• **WORK INSTRUCTIONS**
Below is a listing; transcribe it exactly but without any images.
[[ DATASET EXCERPT, beginning ]]
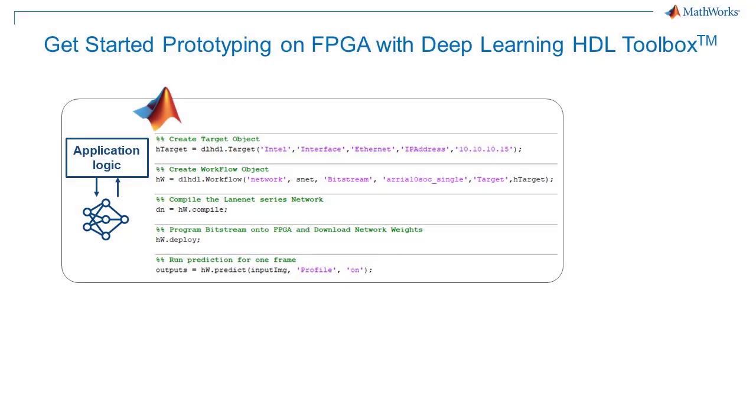With Deep Learning HDL Toolbox, you can get started running inferencing on an FPGA from MATLAB with as little as five lines of code added to your existing deep learning code, so you can experiment and iterate right in MATLAB.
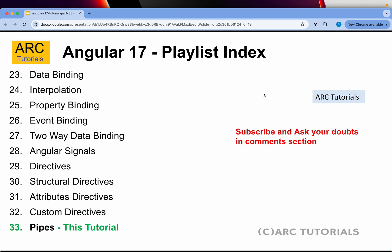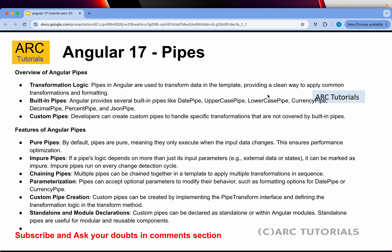If you haven't checked out the first 32 episodes in Angular 17, make sure you check them out. This is all free. A lot of these courses are extremely costly on Udemy, Coursera, and other platforms — please do not buy them. I am here and I will cover everything you need to learn and master Angular.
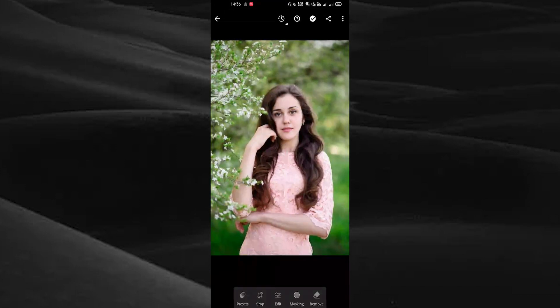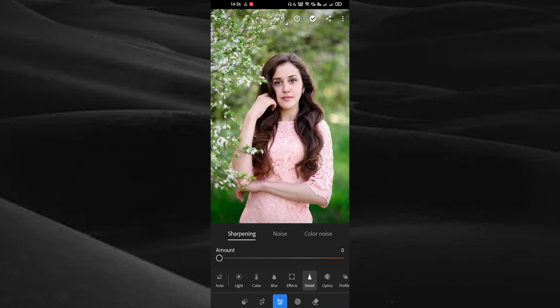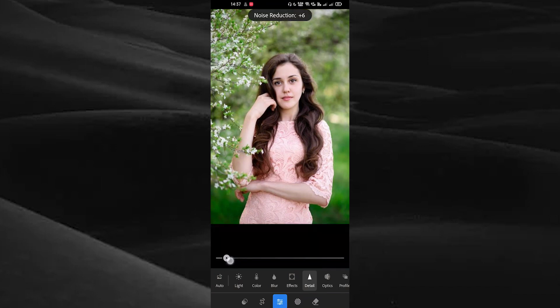Here you can see the edit option on the bottom side. Tap on it, then tap on the detail option on the bottom side and choose the noise option. By swiping the tool you can reduce the noise in your image — go ahead and swipe the tool.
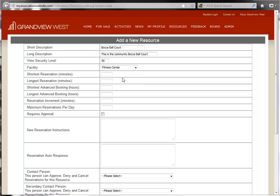Now we'll define the shortest reservation and longest reservations allowed in minutes, then define the shortest advanced booking and longest advanced booking in hours. For this example, we're going to allow a 24-hour advanced booking, but no longer than 14 days.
[[ DATASET EXCERPT, end ]]
• **WORKED SOLUTION**
With Deep Learning HDL Toolbox, you can get started running inferencing on an FPGA from MATLAB with as little as five lines of code added to your existing deep learning code, so you can experiment and iterate right in MATLAB.
If you haven't checked out the first 32 episodes in Angular 17, make sure you check them out. This is all free. A lot of these courses are extremely costly on Udemy, Coursera, and other platforms — please do not buy them. I am here and I will cover everything you need to learn and master Angular.
Here you can see the edit option on the bottom side. Tap on it, then tap on the detail option on the bottom side and choose the noise option. By swiping the tool you can reduce the noise in your image — go ahead and swipe the tool.
Now we'll define the shortest reservation and longest reservations allowed in minutes, then define the shortest advanced booking and longest advanced booking in hours. For this example, we're going to allow a 24-hour advanced booking, but no longer than 14 days.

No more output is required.